= Lucky Records =

Lucky Records is the name of several different record labels.

== Lucky Records – Tokyo ==
Lucky Records of the 1930s was a record label based in Tokyo, Japan, which specialized in issuing American popular music to the Japanese audience.

Lucky was founded in November 1934 by the Lucky Record Co. Tokyo, owned by the Saito Shoten cotton importing business. It made arrangements with the American Record Corporation to issue material from ARC labels in Japan. Its most successful imports were the recordings of Bing Crosby. Many of the other Lucky Records issues are surprisingly eclectic, including recordings by Eddie Condon, Red Allen, Cab Calloway and Duke Ellington, but also rural southern blues records otherwise unissued outside of the United States in the era (and in the US mostly restricted to labels catering to the African American market). Lucky issues also included accordion bands, Hawaiian music, calypso music and Argentine tangos. It is unclear if this material was specifically selected, or if some was simply chosen at random by someone at either Lucky or ARC.

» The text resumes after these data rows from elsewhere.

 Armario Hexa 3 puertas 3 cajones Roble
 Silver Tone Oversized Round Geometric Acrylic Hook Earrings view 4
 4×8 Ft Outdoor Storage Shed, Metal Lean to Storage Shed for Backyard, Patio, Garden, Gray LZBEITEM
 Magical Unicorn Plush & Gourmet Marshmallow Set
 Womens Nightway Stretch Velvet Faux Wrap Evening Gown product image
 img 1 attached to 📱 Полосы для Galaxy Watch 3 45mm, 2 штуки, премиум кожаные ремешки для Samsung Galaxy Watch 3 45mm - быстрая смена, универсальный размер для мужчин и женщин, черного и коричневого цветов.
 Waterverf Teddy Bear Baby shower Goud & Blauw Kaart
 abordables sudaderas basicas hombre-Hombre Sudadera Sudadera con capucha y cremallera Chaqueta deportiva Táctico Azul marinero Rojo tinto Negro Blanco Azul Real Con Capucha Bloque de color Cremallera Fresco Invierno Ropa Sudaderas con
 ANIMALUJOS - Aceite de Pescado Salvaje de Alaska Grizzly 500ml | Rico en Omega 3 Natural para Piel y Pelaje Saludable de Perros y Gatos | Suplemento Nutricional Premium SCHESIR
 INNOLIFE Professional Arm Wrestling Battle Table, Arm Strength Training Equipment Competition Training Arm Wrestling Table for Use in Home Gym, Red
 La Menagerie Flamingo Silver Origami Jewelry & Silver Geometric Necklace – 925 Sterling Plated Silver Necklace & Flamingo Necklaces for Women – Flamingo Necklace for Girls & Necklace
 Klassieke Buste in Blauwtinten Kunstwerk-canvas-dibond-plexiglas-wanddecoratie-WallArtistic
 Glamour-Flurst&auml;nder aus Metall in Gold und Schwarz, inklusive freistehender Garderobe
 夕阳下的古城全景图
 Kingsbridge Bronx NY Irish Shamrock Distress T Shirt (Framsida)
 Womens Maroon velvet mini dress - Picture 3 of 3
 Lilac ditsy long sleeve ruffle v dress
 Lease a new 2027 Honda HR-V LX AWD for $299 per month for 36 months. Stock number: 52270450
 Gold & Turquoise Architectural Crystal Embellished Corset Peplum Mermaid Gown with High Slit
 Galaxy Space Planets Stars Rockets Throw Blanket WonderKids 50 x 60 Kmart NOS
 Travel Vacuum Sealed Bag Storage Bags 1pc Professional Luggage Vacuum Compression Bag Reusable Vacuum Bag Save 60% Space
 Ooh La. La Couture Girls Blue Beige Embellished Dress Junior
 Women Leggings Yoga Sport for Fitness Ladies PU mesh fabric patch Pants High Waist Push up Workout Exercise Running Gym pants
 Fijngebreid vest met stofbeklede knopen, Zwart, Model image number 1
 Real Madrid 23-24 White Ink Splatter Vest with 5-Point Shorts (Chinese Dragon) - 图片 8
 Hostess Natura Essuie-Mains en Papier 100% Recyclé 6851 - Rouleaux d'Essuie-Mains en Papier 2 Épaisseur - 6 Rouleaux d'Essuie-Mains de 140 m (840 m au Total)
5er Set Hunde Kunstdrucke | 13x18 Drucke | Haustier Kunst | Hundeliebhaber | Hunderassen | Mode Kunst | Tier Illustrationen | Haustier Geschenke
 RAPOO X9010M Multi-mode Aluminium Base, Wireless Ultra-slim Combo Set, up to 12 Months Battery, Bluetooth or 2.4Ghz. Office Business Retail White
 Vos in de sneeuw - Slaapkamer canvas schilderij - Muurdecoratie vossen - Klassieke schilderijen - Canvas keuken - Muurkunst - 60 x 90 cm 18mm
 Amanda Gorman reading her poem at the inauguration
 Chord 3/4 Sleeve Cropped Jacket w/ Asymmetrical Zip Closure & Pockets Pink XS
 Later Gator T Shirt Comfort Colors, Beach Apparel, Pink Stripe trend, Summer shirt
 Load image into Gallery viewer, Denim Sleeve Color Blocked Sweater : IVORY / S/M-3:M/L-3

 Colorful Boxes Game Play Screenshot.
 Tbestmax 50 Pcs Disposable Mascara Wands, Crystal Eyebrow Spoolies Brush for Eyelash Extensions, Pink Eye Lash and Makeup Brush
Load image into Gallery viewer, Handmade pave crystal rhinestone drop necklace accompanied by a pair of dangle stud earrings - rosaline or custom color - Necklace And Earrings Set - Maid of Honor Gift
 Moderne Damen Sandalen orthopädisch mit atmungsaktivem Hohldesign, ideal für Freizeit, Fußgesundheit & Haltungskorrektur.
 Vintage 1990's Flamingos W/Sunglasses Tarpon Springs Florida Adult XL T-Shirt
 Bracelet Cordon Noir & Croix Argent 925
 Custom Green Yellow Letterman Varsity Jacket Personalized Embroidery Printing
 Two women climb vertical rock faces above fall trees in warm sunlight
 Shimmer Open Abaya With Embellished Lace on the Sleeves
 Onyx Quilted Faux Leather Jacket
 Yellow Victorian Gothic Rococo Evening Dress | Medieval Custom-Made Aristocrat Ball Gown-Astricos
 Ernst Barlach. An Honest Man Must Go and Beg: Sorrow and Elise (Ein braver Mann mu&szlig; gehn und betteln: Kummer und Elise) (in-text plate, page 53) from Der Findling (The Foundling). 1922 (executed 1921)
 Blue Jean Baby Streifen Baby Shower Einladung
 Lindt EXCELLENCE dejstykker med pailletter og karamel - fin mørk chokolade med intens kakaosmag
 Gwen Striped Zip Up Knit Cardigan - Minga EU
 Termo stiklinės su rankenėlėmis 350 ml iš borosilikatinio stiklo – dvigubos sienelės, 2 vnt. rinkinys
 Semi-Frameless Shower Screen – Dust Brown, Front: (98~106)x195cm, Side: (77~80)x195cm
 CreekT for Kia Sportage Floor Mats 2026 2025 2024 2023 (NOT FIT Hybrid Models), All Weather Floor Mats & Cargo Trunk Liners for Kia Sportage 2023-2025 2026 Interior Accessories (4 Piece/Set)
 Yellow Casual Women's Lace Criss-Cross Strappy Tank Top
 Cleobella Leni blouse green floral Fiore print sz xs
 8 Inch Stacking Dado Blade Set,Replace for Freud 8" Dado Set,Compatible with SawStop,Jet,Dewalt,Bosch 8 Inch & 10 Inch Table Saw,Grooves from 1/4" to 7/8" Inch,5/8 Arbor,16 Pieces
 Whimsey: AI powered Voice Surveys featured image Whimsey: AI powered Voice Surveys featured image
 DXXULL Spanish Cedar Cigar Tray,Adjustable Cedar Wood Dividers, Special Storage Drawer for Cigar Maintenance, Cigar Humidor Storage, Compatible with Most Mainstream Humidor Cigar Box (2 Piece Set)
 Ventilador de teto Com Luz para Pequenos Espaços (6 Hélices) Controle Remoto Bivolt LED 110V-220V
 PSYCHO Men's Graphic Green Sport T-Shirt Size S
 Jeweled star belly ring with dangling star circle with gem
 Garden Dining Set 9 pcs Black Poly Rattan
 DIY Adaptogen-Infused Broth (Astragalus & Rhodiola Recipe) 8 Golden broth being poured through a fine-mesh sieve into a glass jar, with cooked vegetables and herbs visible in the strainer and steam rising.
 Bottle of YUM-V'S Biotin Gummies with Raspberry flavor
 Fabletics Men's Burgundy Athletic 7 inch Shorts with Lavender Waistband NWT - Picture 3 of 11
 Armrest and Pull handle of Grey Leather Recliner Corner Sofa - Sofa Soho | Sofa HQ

== Lucky Records – Los Angeles ==
Lucky Records of the 1950s was a Los Angeles–based label run by John Dolphin.

== Lucky Records – Bootlegs ==
Lucky Records of the 1960s and 1970s was a bootleg label, issuing recordings of live performances of noted rock & roll artists (including Elvis Presley and Bob Dylan) on vinyl records.

== Lucky Records – Seattle ==
Lucky Records of the 1990s, described by one website as "Canadian surf and rock'n'roll", is based in Seattle, Washington, US.